The Impossibility of Denying Most Threats

The correct situation for issuing a threat is where someone will do something that you don’t like, but where they have a significant probability of changing their behavior if you threaten them, and the average benefit of that behavior change for you and/or them justifies the average costs of their possible counter-reaction, the possibility that someone might retaliate against you for threatening them, and the possibility that you could be marked as an enemy for threatening your target.
Reliably to achieve this behavior change, especially in a high information situation, the target must be roughly rational, and must believe that you have a credible threat, based on your own benefit calculation, which they must therefore somewhat understand or at least have a surrogate story for why you would be willing to carry out your threat at significant cost to yourself. Furthermore, the target’s own benefit calculation must also show that submitting to your threat is preferable to risking your penalties.

The key difficulty is that if you and your target are roughly rational actors, both of you would seek independent verification of the various claims and circumstances underlying both actors’ situation. Naturally you would want to ensure your threat will work, so you want to set things in order to avoid your target making an error. Historically speaking, from the target’s perspective, the words of your threat are nowhere near 100% accurate. In order to make a case for complying with a threat, then the target must also get some ground truth in order to make an accurate judgment. If the target can’t make an accurate judgment, then there is a high probability that they will not do what you want, which would defeat the entire point of threatening them.

However, if the creation of these realities is roughly independent of the threat, then they can be monitored and assessed without any threat being made at all.

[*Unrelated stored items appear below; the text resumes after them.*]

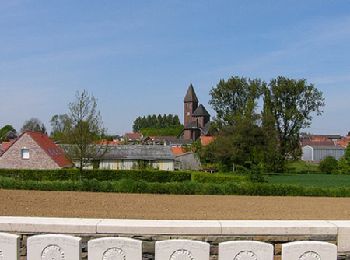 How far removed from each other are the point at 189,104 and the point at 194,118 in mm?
6935

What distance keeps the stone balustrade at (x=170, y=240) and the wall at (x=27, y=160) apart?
111ft

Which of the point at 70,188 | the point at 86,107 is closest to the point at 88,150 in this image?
the point at 86,107

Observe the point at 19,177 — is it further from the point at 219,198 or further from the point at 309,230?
the point at 309,230

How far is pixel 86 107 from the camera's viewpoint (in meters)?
32.3

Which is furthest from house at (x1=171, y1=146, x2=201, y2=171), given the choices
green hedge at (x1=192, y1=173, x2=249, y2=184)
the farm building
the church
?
the farm building

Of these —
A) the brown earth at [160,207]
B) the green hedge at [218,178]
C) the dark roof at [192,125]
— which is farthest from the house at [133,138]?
Answer: the brown earth at [160,207]

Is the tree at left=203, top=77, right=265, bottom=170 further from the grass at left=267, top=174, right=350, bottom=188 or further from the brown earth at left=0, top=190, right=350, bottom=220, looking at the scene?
the brown earth at left=0, top=190, right=350, bottom=220

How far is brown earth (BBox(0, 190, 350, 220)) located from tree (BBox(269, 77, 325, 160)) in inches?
1250

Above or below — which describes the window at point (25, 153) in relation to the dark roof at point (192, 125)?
below

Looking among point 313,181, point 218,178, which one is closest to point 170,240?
point 218,178

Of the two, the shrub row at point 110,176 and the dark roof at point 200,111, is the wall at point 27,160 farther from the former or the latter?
the dark roof at point 200,111

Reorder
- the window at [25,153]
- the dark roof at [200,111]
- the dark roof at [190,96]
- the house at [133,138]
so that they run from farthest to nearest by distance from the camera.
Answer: the dark roof at [190,96], the dark roof at [200,111], the house at [133,138], the window at [25,153]

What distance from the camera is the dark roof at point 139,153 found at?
4375 cm

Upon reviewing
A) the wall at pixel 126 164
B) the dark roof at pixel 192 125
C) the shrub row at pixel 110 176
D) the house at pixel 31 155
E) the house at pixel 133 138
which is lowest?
the shrub row at pixel 110 176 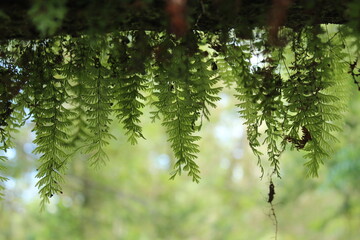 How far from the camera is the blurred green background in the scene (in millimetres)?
5812

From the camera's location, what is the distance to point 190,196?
31.1 feet

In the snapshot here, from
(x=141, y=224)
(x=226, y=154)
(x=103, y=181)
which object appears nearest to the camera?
(x=141, y=224)

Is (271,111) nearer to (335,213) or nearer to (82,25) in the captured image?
(82,25)

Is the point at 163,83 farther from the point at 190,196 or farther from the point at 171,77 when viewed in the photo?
the point at 190,196

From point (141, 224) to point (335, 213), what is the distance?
365cm

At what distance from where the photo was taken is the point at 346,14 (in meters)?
0.83

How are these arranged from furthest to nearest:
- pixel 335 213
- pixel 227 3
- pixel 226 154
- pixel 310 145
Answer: pixel 226 154, pixel 335 213, pixel 310 145, pixel 227 3

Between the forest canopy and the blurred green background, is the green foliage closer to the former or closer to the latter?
the forest canopy

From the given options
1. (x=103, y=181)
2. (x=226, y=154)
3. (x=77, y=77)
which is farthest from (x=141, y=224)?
(x=77, y=77)

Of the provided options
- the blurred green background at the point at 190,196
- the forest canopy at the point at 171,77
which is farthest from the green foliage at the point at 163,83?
the blurred green background at the point at 190,196

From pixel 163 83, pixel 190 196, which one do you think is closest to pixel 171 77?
pixel 163 83

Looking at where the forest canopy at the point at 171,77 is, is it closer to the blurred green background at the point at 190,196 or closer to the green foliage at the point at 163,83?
the green foliage at the point at 163,83

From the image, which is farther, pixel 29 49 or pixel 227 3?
pixel 29 49

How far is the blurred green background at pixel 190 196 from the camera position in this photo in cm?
581
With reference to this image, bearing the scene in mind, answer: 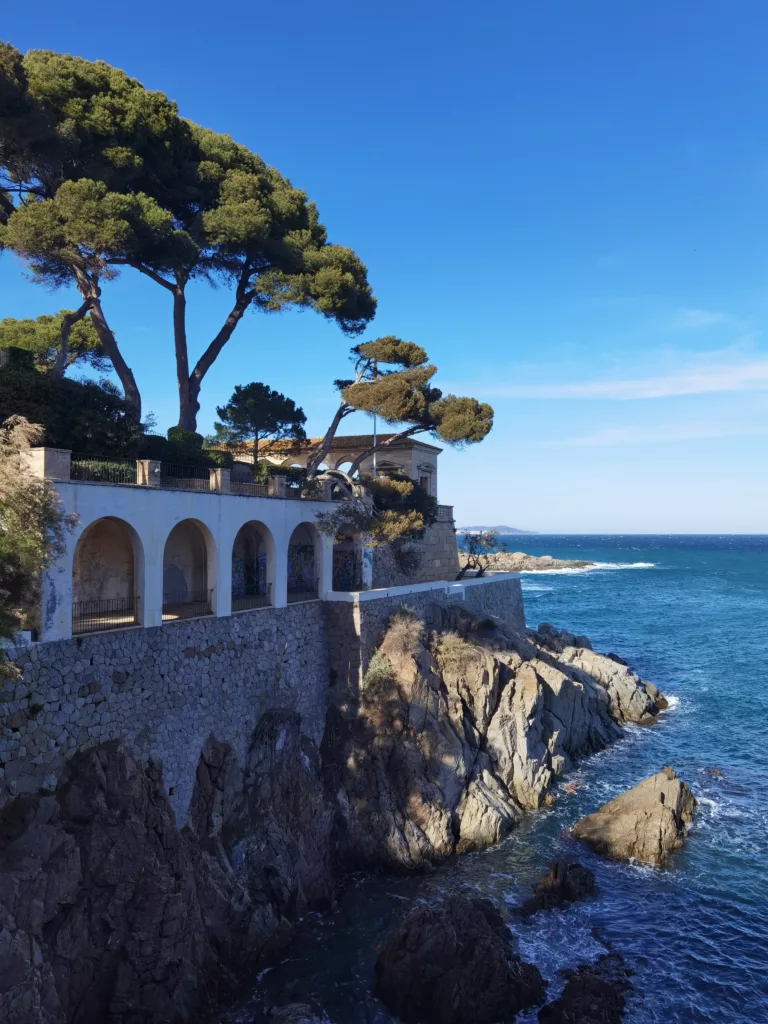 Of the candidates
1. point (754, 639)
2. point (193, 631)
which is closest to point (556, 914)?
point (193, 631)

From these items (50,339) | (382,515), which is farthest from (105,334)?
(382,515)

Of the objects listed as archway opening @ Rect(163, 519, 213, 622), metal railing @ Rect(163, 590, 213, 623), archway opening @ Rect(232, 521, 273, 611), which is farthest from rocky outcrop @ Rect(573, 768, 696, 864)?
archway opening @ Rect(163, 519, 213, 622)

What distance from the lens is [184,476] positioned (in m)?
24.2

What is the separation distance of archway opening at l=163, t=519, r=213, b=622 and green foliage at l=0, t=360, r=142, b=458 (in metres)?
3.62

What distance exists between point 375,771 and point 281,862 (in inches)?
191

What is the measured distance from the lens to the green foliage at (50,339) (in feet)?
101

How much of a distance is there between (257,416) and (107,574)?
49.6 feet

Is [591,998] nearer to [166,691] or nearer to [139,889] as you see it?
[139,889]

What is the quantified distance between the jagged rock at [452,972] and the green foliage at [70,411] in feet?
51.4

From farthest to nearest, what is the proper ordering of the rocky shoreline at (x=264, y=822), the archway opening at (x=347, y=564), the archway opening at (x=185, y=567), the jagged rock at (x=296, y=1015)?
the archway opening at (x=347, y=564)
the archway opening at (x=185, y=567)
the jagged rock at (x=296, y=1015)
the rocky shoreline at (x=264, y=822)

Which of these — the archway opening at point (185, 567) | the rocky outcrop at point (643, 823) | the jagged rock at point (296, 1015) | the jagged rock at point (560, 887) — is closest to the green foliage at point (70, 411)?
the archway opening at point (185, 567)

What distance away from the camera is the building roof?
124ft

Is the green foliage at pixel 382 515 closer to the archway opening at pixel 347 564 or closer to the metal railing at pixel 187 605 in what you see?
the archway opening at pixel 347 564

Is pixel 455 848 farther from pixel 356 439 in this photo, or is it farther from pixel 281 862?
pixel 356 439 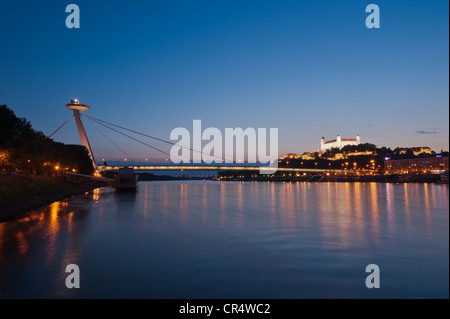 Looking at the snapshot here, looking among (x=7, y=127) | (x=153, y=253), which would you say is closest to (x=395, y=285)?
(x=153, y=253)

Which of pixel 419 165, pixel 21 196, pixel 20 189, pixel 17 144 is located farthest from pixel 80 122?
pixel 419 165

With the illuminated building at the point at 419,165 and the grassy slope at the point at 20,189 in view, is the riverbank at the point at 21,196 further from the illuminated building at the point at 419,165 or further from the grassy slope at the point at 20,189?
the illuminated building at the point at 419,165

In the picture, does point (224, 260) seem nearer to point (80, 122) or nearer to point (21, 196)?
point (21, 196)

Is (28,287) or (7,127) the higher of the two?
(7,127)

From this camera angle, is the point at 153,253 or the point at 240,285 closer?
the point at 240,285

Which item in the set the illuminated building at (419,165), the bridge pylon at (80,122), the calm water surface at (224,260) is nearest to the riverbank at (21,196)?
the calm water surface at (224,260)

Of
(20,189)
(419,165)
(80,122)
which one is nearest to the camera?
(20,189)

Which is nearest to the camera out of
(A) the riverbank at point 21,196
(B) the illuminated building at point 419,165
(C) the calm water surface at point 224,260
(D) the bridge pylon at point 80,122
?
(C) the calm water surface at point 224,260

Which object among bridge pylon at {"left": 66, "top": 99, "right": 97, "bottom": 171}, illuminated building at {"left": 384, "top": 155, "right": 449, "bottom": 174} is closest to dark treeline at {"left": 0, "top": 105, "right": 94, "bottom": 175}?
bridge pylon at {"left": 66, "top": 99, "right": 97, "bottom": 171}

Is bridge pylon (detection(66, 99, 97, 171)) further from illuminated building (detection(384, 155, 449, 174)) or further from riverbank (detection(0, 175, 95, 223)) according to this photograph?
illuminated building (detection(384, 155, 449, 174))

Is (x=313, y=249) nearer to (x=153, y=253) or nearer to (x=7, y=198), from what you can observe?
(x=153, y=253) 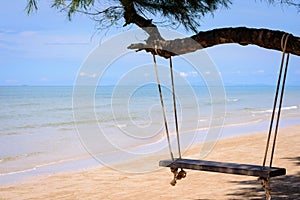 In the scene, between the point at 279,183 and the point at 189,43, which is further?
the point at 279,183

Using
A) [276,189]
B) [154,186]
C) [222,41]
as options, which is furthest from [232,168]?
[154,186]

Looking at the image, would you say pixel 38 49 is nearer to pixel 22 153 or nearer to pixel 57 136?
pixel 57 136

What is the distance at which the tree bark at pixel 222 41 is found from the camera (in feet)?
8.36

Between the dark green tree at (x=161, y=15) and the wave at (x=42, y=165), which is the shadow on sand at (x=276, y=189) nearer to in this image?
the dark green tree at (x=161, y=15)

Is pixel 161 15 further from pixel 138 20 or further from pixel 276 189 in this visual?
pixel 276 189

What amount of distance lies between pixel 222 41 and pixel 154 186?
10.5 ft

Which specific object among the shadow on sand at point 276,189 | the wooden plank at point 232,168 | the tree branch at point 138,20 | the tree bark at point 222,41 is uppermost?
the tree branch at point 138,20

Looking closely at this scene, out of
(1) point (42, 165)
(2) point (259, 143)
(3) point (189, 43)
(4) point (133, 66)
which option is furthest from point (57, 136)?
(3) point (189, 43)

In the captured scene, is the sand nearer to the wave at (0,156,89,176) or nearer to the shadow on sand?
the shadow on sand

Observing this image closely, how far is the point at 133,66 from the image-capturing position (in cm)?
466

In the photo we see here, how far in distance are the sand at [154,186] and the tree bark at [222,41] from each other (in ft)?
7.10

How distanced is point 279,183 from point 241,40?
292cm

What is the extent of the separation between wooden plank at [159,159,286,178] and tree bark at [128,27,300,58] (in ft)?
2.32

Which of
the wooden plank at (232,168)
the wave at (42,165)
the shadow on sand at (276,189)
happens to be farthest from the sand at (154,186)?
the wooden plank at (232,168) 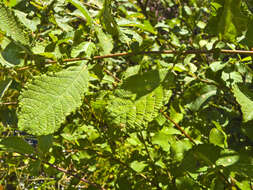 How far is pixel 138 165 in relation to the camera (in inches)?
44.0

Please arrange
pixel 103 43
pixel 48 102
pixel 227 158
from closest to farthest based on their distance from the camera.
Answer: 1. pixel 48 102
2. pixel 103 43
3. pixel 227 158

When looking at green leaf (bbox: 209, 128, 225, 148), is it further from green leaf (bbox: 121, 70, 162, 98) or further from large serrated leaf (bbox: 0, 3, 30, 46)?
large serrated leaf (bbox: 0, 3, 30, 46)

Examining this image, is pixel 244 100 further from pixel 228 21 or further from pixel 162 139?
pixel 162 139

Consider the following real-life example: you are working towards a just government in your own country. You might consider denying that you are a threat to the various Johnny Dictators and other wicked actors around the world. Historically, good-government people oppose the evil-government ones, and often by force. It will take a long period of nonaggression before any roughly rational evil ruler would give weight to the possibility that a do-gooder with enough power would let them slide. Worse, by that point, the time of rule for a good person will come to an end by old age, and so the next generation of do-gooders will come to power without a track record, restarting the cycle. Hence, your very existence and works as a decent human being will cause them to react.